I tried to sleep for a while, but finally I couldn't take lying there anymore. I mean, it occurred to me that I probably shouldn't be defending Brath. I mean, he lied to me to get me to remove his reins. And now he wants to come to my world to escape someone killing dragons and have me release him into the wild.
I mean, I know killing people is wrong, but I get the feeling that Azeroth operates on an older code of conduct, one with chivalry—like I've seen any—and capital punishment. Like, quick capital punishment. Not the kind where you get to appeal the court's decision for twenty years and then spend another five on death row. Like, "Oh, you're guilty." BAM. Dead.
That sort of stuff. So maybe to them, killing Brath wasn't nearly as horrible as it was to me. Maybe Brath ate some village's children and that's why he'd been made a mount. I mean, I was really making assumptions without knowing the full story.
The more I thought about it, the worse I felt. I didn't want to condemn Brath unnecessarily, but I didn't want to turn into a monster myself. Finally I felt like I was going to go crazy if I let my thoughts keep me company any longer, so I got up. Clara's a heavy sleeper. Which didn't really matter, I guess, because when I want to be quiet, I'm really good at it.
I used to sneak up on Greg and his friends all the time. His best friend, Josh, would always greet me by saying, "Hey, little Miss Ninja." I thought it was stupid, but…whatever.
So I slipped out of the tent and was figuring that maybe I'd read a bit after all, when what do I see but Mr. Jerk reading the journal Fizz had given me.
He was even using Fizz's note as a bookmark.
It irked me. He was going through my things, without my permission. No duh he was probably looking for something to incriminate me with, but that didn't really register.
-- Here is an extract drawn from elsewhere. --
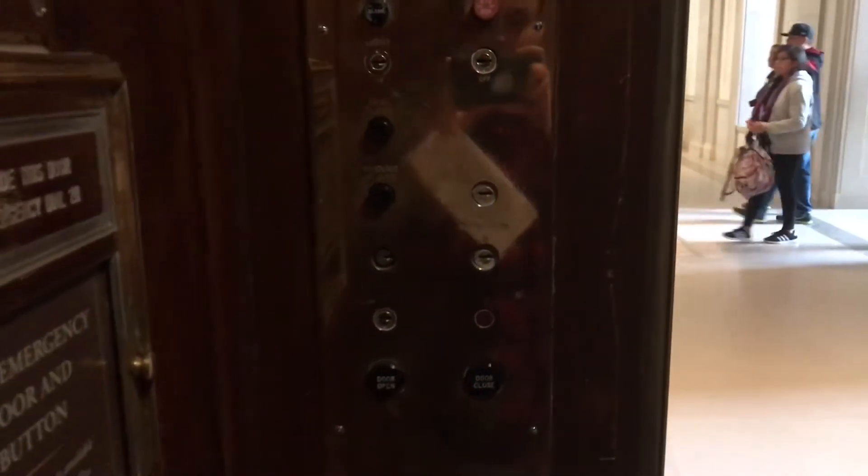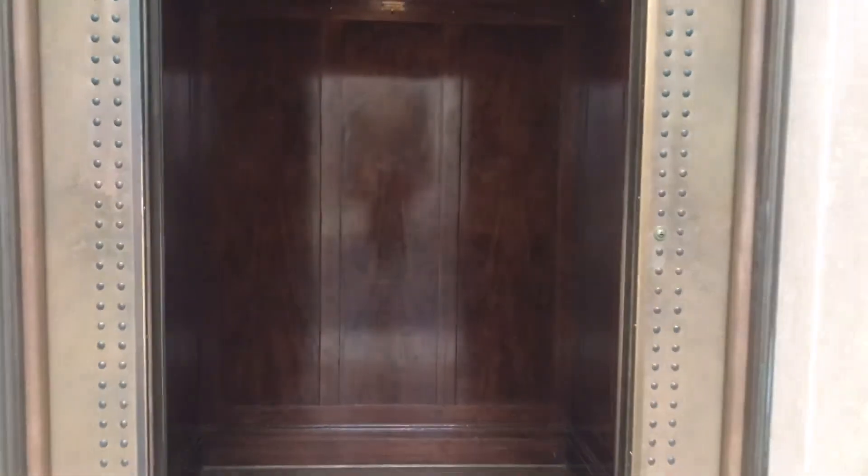This elevator is completely original — look at how beautiful this is! It's a Westinghouse. Look at these buttons. This elevator is a treasure.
I was closer to passing out than I'd realized because, you know that sort of half awake phase you go through sometimes when drifting off or waking up where you think really stupid stuff is a good idea?
I kind of forgot about the whole, he's really good with sharp objects thing, because I was pretty tired, as it was. Just not tired enough to sleep. And I couldn't see Brath or Derres anywhere—I did look for them because I was going to tell them to be quiet while I snuck up on Nicolas. I guess they were perched higher up on the mountain side or something…maybe they wanted a better view of the camp? Or maybe they'd flown off together to duel… It's not like I knew what dragons did when the rest of us were asleep.
Anyway, I wasn't really thinking about them. Instead, I crept up behind Nicolas and grabbed his shoulders. After all the mean things he'd said to me, I'd just wanted to see him jump.
Oh, he jumped alright. But instead of being like Greg or Josh and just cursing at me, he kept moving.
In a breath, he had me pinned to the ground by my throat and it occurred to me that sneaking up on dragon slayers is tremendously stupid.